Vier Spiele nicht im Kader: Wie geht es mit Damion Downs weiter?

Damion Downs bei seinem Debüt für Southampton. (Foto: IMAGO / Pro Sports Images)
Damion Downs bei seinem Debüt für Southampton. (Foto: IMAGO / Pro Sports Images)

Damion Downs kommt beim FC Southampton noch nicht ins Rollen. Der ehemalige Stürmer des 1. FC Köln stand zuletzt wochenlang nicht im Kader. Ein Zeichen für das Transferfenster im Winter?

In seinem ersten Championship-Spiel für den FC Southampton sah es so gut aus. Damion Downs wurde eingewechselt und legte, wenn auch eher unfreiwillig, das Tor zum Sieg auf. Der ehemalige Stürmer des 1. FC Köln wollte durchstarten und in England für Furore sorgen. Doch bislang ist es gänzlich anders gekommen.

Kein weiterer Scorerpunkt kam für Downs seither dazu. Trainer Will Still wurde nach 13 Spieltagen entlassen. An seine Stelle ist Tonda Eckert getreten, der selbst einmal im Nachwuchs des 1. FC Köln als Trainer tätig war. Unter Eckert lief es plötzlich, sechs Siege aus acht Spielen waren die Folge des Trainerwechsels. Doch Downs konnte davon nicht profitieren.

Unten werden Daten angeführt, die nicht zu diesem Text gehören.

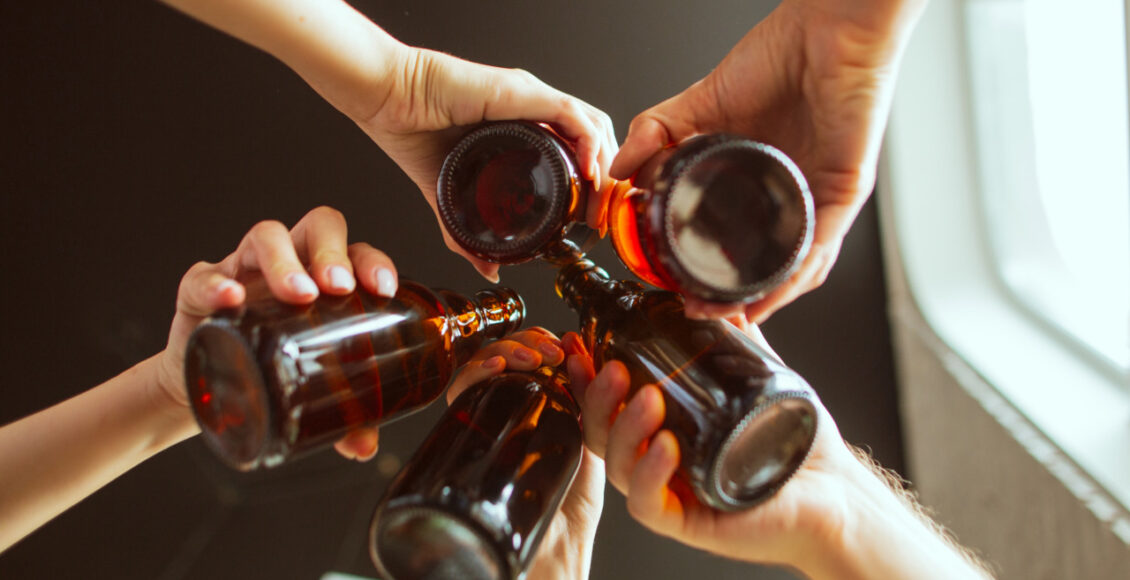 Young Group Of Friends Drinking Beer, Having Fun, Laughting And Celebrating Together. Close Up Clinking Beer Glasses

WM-Teilnahme war eigentlich das Ziel

Zwar wurde Downs zunächst noch vier Mal in Folge als Joker in der Schlussphase der Partien eingewechselt. Doch seit vier Spielen ist der 21-Jährige raus, stand nicht mehr im Kader. Auf GEISSBLOG-Nachfrage hieß es aus dem Management des Spielers, Downs sei angeschlagen und sei deswegen zuletzt nicht nominiert worden.

Doch Downs hat keinen leichten Stand in Southampton. Der US-Nationalspieler hatte sich den Wechsel bislang gänzlich anders vorgestellt, wollte er sich doch über gute Leistungen in Englands 2. Liga auch für die Nationalmannschaft und damit für die WM 2026 im eigenen Land empfehlen. Dieses Unterfangen läuft aber noch nicht nach Plan. Noch ist Downs für seinen neuen Club, der dem FC immerhin acht Millionen Euro plus Boni überwiesen hat, noch ohne Tor.

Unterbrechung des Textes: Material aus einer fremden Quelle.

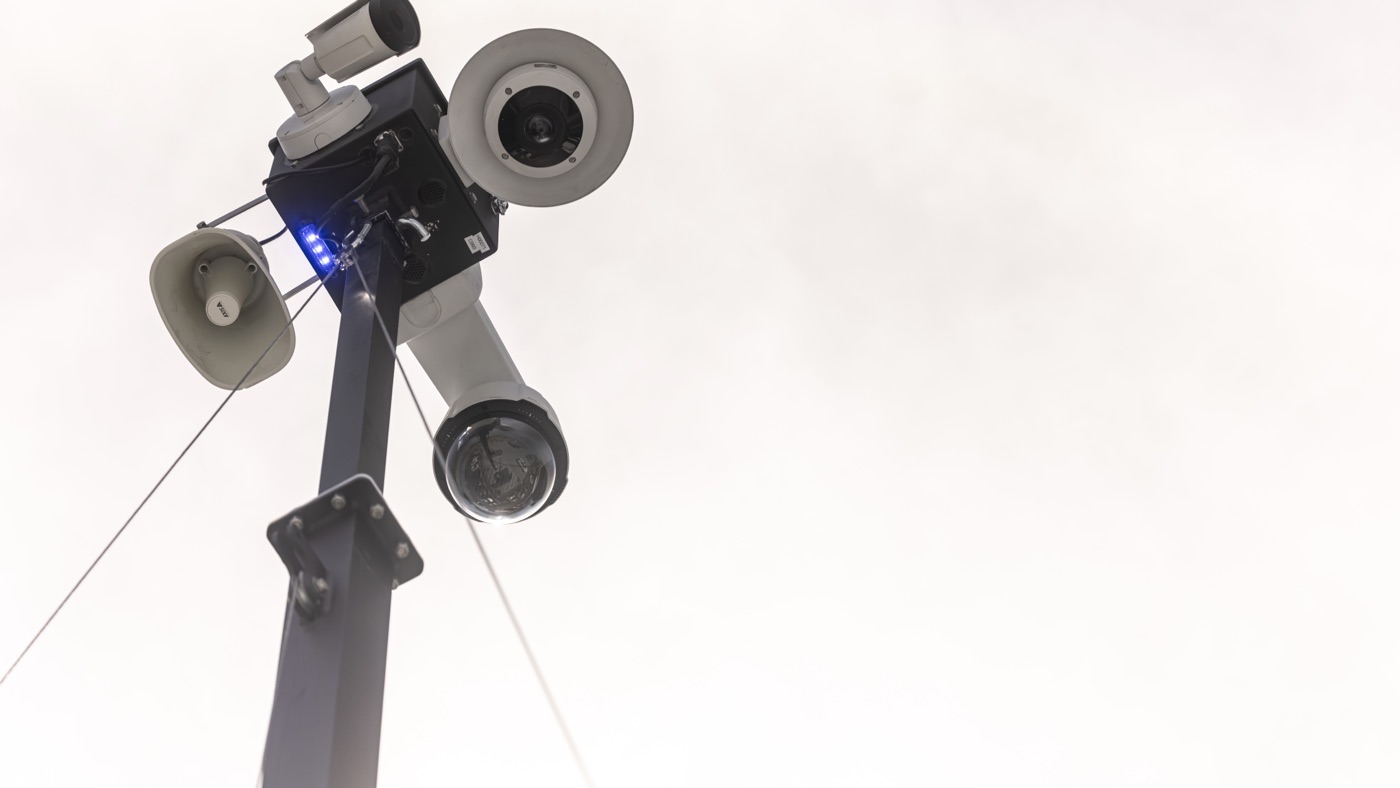 The camera head and loudspeaker horn against an open sky, blue beacon lit.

Kein Winter-Transfer angedacht

Dennoch ist nach GEISSBLOG-Informationen im Winter keine weitere Luftveränderung geplant. Downs will sich in England und bei den Saints durchsetzen. Dafür muss der Ex-Kölner jedoch Adam Armstrong Konkurrenz machen. Der 28-jährige Engländer ist mit elf Toren bislang Southamptons bester Torschütze und als Neuner die erste Wahl. Dahinter hat aktuell Cameron Archer die Jokerrolle inne.

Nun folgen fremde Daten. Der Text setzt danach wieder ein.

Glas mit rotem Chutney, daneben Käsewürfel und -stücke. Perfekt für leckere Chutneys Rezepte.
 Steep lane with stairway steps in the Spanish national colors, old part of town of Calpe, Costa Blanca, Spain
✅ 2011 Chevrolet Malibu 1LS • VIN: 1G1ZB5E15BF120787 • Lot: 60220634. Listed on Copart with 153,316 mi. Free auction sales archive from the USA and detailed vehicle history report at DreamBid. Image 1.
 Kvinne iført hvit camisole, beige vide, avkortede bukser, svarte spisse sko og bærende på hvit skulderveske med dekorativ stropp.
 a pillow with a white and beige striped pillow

Auffällig: Beide Mittelstürmer-Konkurrenten sind zwischen 15 und 20 Zentimeter kleiner als Downs und somit gänzlich andere Spielertypen. Im 3-4-3 unter Eckert spielt Southampton mit einer Spitze und zwei Zehnern dahinter – in der Regel mit Leo Scienza, dem ehemaligen Heidenheimer, sowie Finn Araz. Insbesondere Letzterer hat vom Trainerwechsel profitiert: Araz kam in den acht Spielen unter Eckert auf sechs Tore und drei Assists. Downs hingegen wird sich weiter gedulden müssen.